**LISTED RECORDS:**
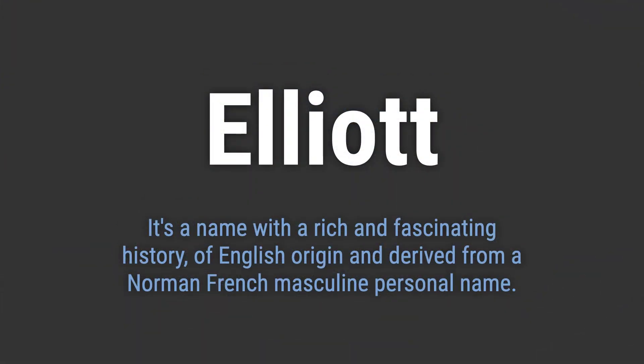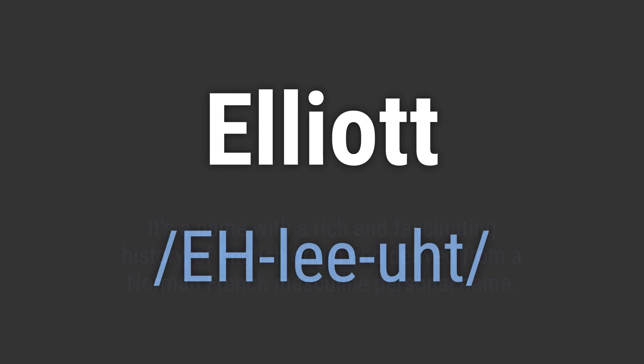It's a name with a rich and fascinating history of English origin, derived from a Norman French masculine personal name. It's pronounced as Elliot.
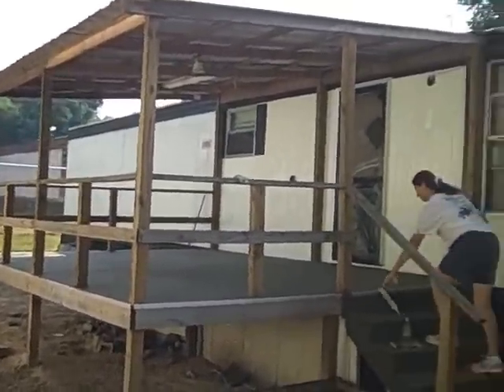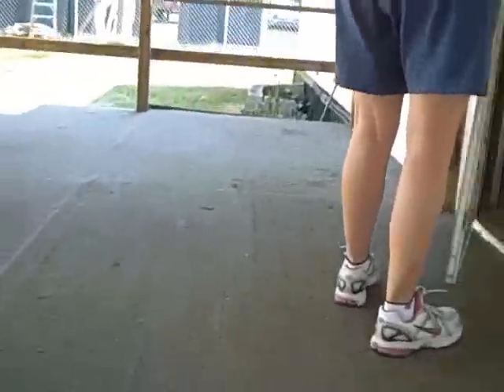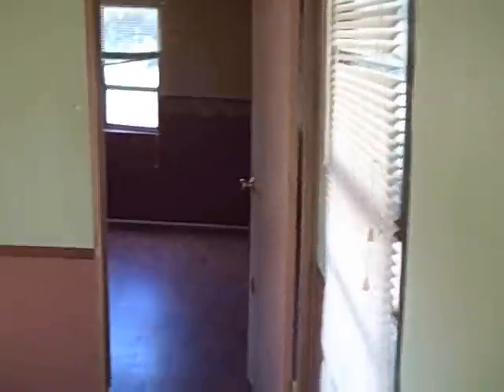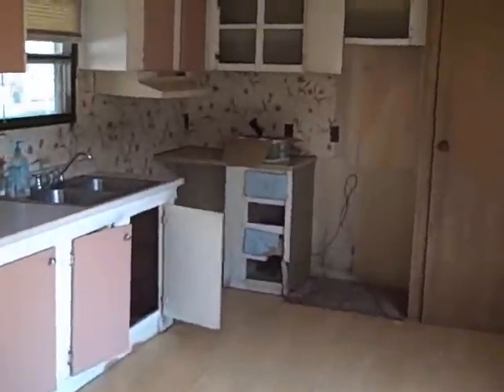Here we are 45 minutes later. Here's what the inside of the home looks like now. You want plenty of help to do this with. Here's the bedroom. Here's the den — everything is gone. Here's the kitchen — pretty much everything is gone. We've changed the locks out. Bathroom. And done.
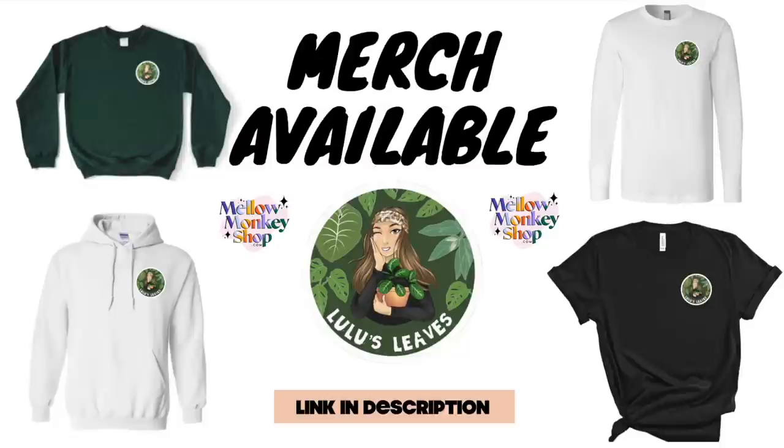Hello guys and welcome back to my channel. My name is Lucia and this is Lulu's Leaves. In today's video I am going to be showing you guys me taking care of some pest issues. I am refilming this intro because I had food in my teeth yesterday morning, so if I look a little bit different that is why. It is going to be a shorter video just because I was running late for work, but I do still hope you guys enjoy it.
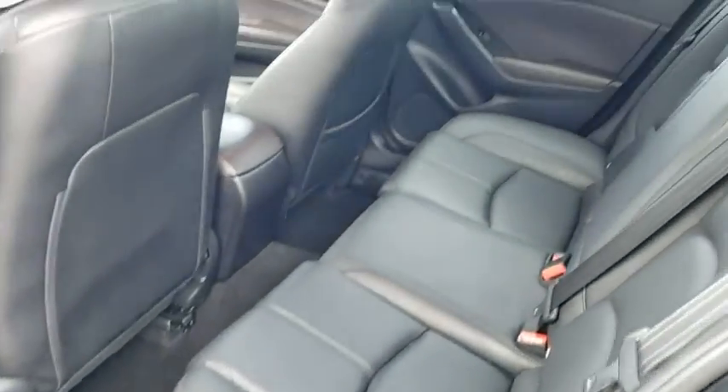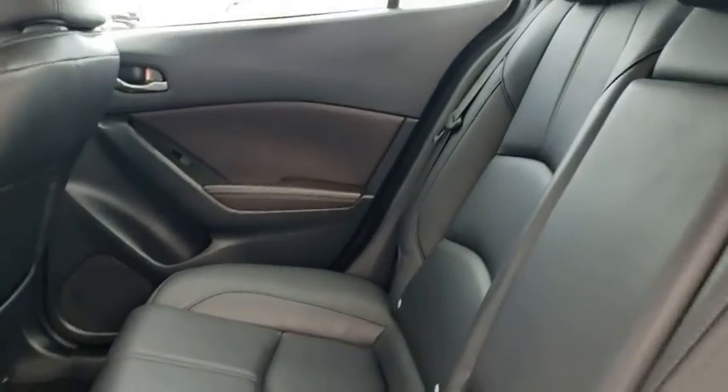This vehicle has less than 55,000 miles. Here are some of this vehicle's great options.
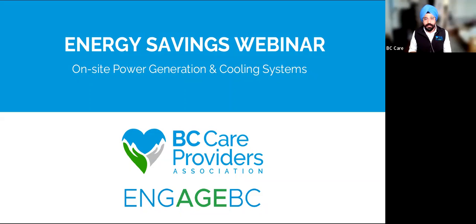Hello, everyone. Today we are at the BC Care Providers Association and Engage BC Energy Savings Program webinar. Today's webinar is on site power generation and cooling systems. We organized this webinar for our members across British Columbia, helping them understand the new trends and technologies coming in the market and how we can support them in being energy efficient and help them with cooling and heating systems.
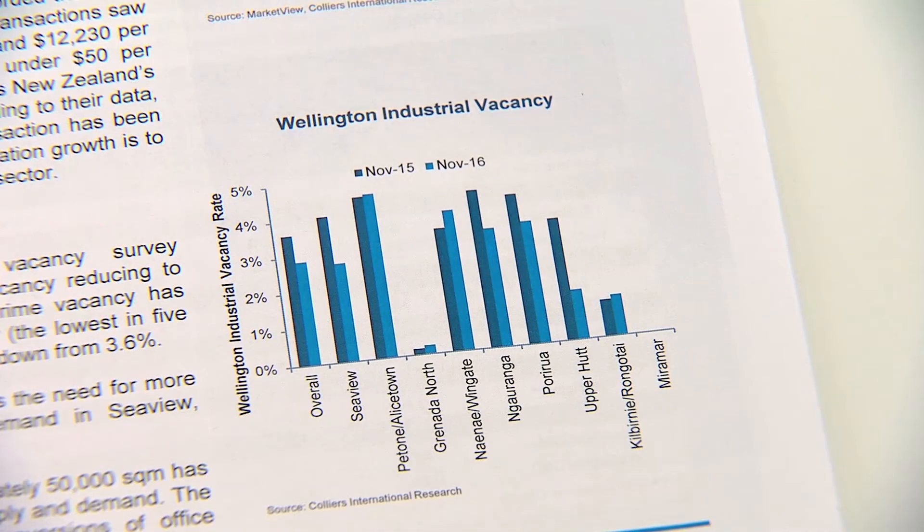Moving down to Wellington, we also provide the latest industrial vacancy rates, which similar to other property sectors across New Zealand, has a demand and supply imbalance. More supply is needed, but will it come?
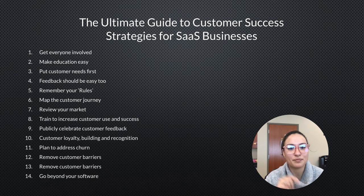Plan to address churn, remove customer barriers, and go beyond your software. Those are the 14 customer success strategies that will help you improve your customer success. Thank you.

**EXERCISE:**
Set down, exactly as written, each line from the one that contains "Hello guys and" to the last line of the records, but none of the pictures.

**ANSWER TO THE PROBLEM:**
Hello guys and welcome back to my channel. My name is Lucia and this is Lulu's Leaves. In today's video I am going to be showing you guys me taking care of some pest issues. I am refilming this intro because I had food in my teeth yesterday morning, so if I look a little bit different that is why. It is going to be a shorter video just because I was running late for work, but I do still hope you guys enjoy it.
This vehicle has less than 55,000 miles. Here are some of this vehicle's great options.
Hello, everyone. Today we are at the BC Care Providers Association and Engage BC Energy Savings Program webinar. Today's webinar is on site power generation and cooling systems. We organized this webinar for our members across British Columbia, helping them understand the new trends and technologies coming in the market and how we can support them in being energy efficient and help them with cooling and heating systems.
Moving down to Wellington, we also provide the latest industrial vacancy rates, which similar to other property sectors across New Zealand, has a demand and supply imbalance. More supply is needed, but will it come?
Plan to address churn, remove customer barriers, and go beyond your software. Those are the 14 customer success strategies that will help you improve your customer success. Thank you.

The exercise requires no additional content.